Tony Bono

Personal information
- Full name: Anthony Bono
- Date of birth: November 20, 1963 (age 62)
- Place of birth: Philadelphia, Pennsylvania, U.S.
- Height: 5 ft 4 in (1.63 m)
- Positions: Midfielder; defender;

College career
- Years: Team / Apps / (Gls)
- 1981–1984: Drexel Dragons

Senior career*
- Years: Team / Apps / (Gls)
- 1985–1987: Minnesota Strikers (indoor) / 55 / (3)
- 1988: Chicago Sting (indoor) / 10 / (0)
- 1988: Houston Dynamos
- 1988–1995: Dayton Dynamo (indoor) / 258 / (176)
- 1995: Cincinnati Silverbacks (indoor) / 4 / (3)
- 1995–1996: Chicago Power (indoor) / 30 / (27)
- 1996: Milwaukee Wave (indoor) / 7 / (1)
- 1996–1997: Philadelphia KiXX (indoor) / 33 / (23)
- Total:  / 397+ / (233+)

Managerial career
- 1992: Dayton Dynamo
- 1995: Dayton Dynamo

= Tony Bono =

American soccer player (born 1963)

Anthony Bono is an American retired soccer player who played professionally in the Major Indoor Soccer League, American Indoor Soccer Association, National Professional Soccer League and Lone Star Soccer Alliance.
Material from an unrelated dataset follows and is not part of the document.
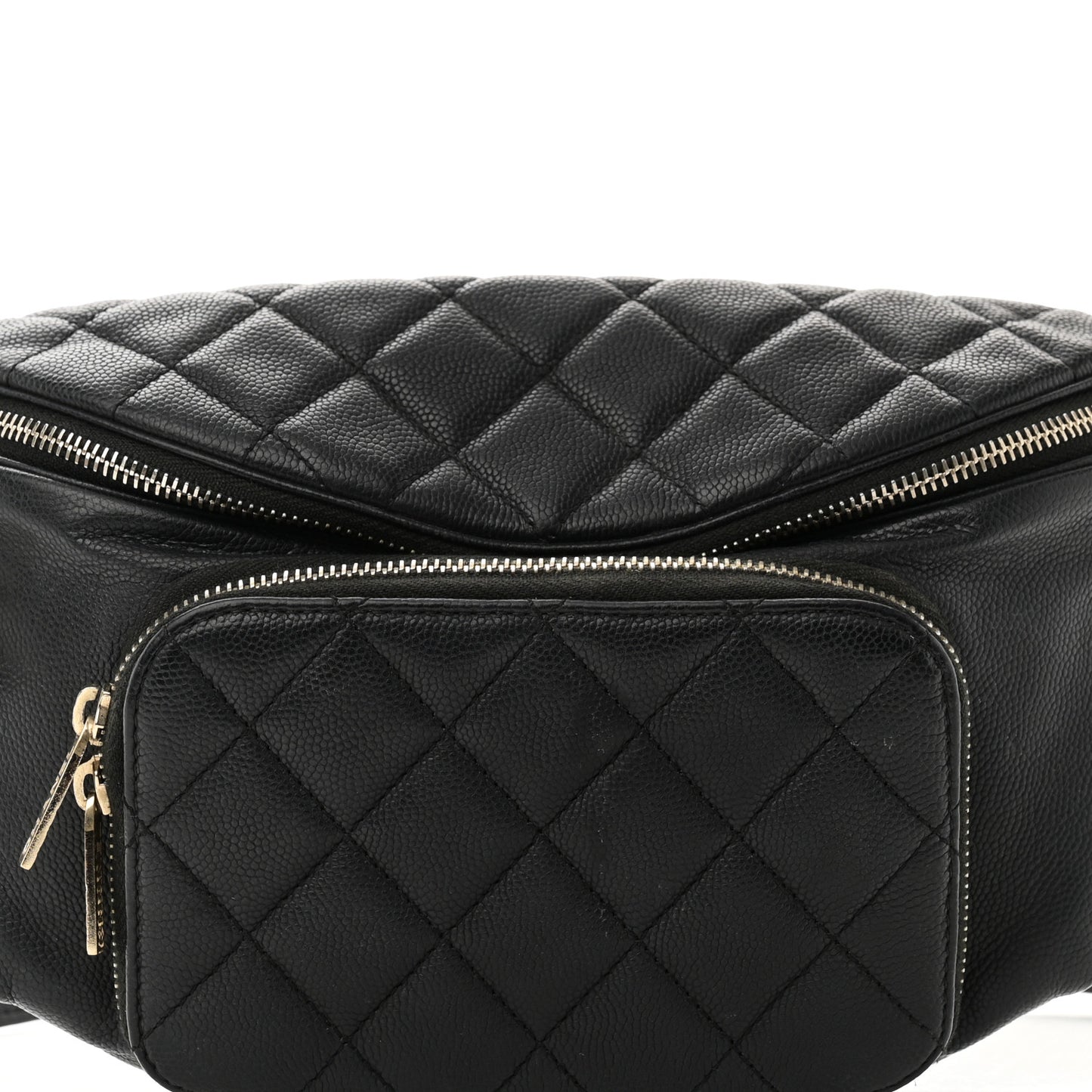 Caviar Quilted Business Affinity Waist Belt Bag Black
Bono graduated from Frankford High School, where he was a 1979 First-Team and 1980 Second-Team All-State soccer player. Bono then attended Drexel University, where he was a 1984 first-team All-American soccer player. In 1985, the Minnesota Strikers of the Major Indoor Soccer League drafted Bono in the third round. In December 1987, the Strikers waived Bono. On January 15, 1988, the Chicago Sting signed Bono to a ten-day contract. The Sting kept Bono on the roster until they folded at the end of the season. Bono then spent the summer season with the Houston Dynamos of the Lone Star Soccer Alliance. The Dynamos went to the championship game where they fell to Dallas Mean Green. In the fall of 1988, Bono signed with the Hershey Impact of the American Indoor Soccer Association but was traded to the Dayton Dynamo on November 2, 1988, for a second-round draft pick and cash. He remained with the Dynamo until 1996. In January 1995, Bono became head coach of the Dynamo. The team ownership made this decision because Bono had acted as head coach at the end of the 1991–1992 season and had suffered a season-ending knee injury earlier in the 1994–1995 season. During the 1995 off-season, the Dynamos moved to Cincinnati, Ohio to become the Cincinnati Silverbacks. On November 17, 1995, the Silverbacks traded Bono to the Chicago Power. On March 6, 1996, the Power sent Bono to the Milwaukee Wave. In June 1996, Bono moved to the Philadelphia Kixx.

In 2001, he was inducted into the Southeastern Pennsylvania Soccer Hall of Fame.